I have been comparing races to works of art recently, in the hope of finding my place in Pseuds' Corner. Today's Rye Ten Mile was not a symphony or a dance—it could only be a novel by Henry James, who lived in the town. The bewildering winding lanes were very like a Jamesian paragraph, twisting this way and that until the reader or runner is thoroughly bewildered. At university my girlfriend chose to write her dissertation on James; whether for this, or other reasons, I have sometimes struggled to read the Master; I remember once trying to make sense of some of the more elaborate passages in The Golden Bowl while drunk. Recently, when there was a vogue for novels about James or in which James played a part, three by Colm Tóibín, David Lodge and Alan Hollingshurst appeared in the same year. I thought I might mine this seam myself, with a work entitled Reading Henry James While Drunk. It has not yet appeared.

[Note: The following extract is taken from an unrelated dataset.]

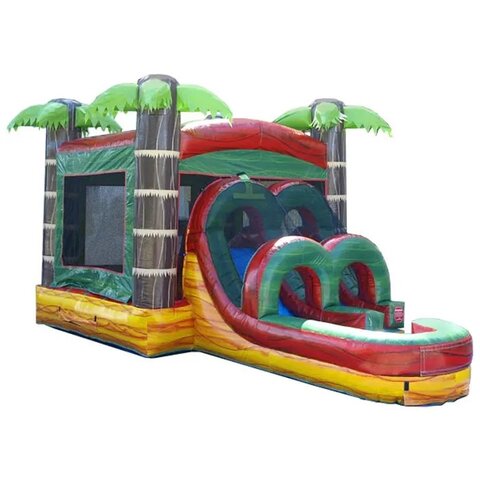 Tropical Fire Marble Wet/Dry Slide Bounce House Combo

As for the race, I arrived with little time to spare, thanks to a car boot sale in Icklesham whose organisers had not thought to try to manage traffic at all. Fortunately I was not the only one in this position and the organisers delayed the start for five minutes. Nevertheless, I was still agitated, and the first three miles were hard work. I settled into a more regular style after the first drinks station, though I had no idea where the route was taking me. Bright intense sunshine alternated with bosky shade, and we ran up and down, up and down. I met a man who had run the Luxembourg marathon the week before and several runners, seeing my vest, said that they would be at the Seaford Half Marathon next Sunday.
This part of the world, the Kent-Sussex border, is very pretty and I would love to live in one of the isolated houses we passed, in the middle of the woods. One sign bade us beware of wild boar, and I wonder if I might see a sow and her striped babies somewhere in the shade, or an old boar. The only old boar, I'm afraid, was me. I have long been confused by the way that the wild boar, Sus scrofa, was always referred to in my childhood reading of Asterix in French as un sanglier when, in France, it is usually un marcassin. It seems, according to Alan Davidson's Oxford Companion to Food, that the marcassin is the younger animal, which makes better eating.
As for the race, I finished in 1:43 32 by the gun, 1:43:25, according to the chip.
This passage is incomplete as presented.